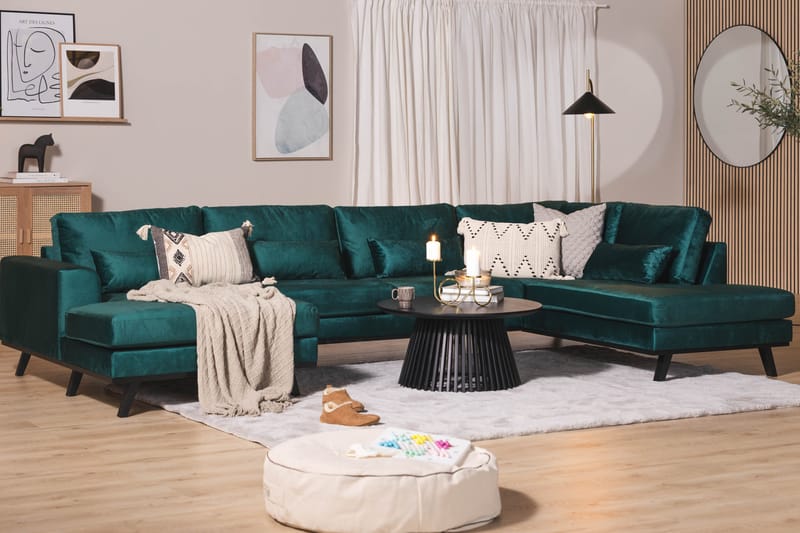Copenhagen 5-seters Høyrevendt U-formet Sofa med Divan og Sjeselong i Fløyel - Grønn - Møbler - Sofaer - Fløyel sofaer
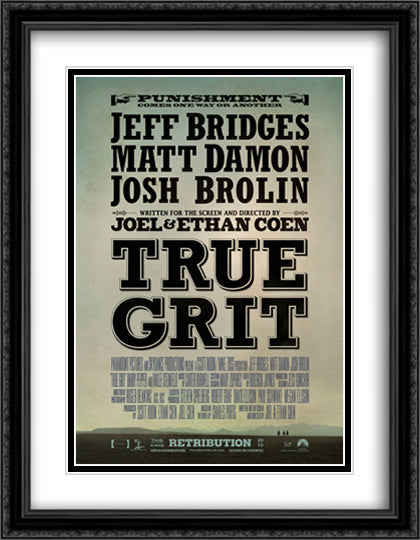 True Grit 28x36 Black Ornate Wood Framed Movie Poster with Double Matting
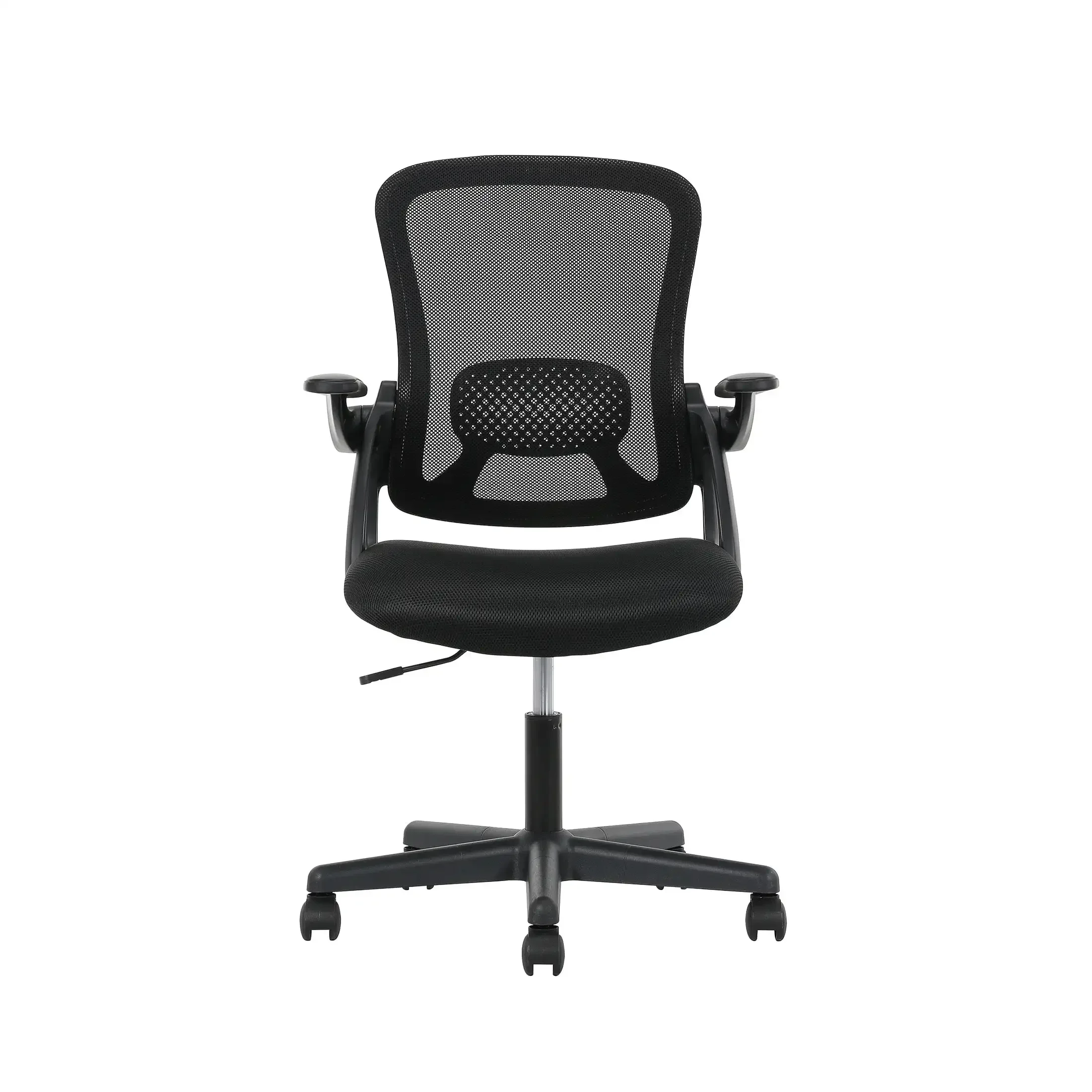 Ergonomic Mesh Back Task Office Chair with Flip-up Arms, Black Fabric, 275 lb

* _Exercise instructions_:
A faithful copy of the data is required: each word kept, each picture omitted.

* _Response_:
Copenhagen 5-seters Høyrevendt U-formet Sofa med Divan og Sjeselong i Fløyel - Grønn - Møbler - Sofaer - Fløyel sofaer
 True Grit 28x36 Black Ornate Wood Framed Movie Poster with Double Matting
 Ergonomic Mesh Back Task Office Chair with Flip-up Arms, Black Fabric, 275 lb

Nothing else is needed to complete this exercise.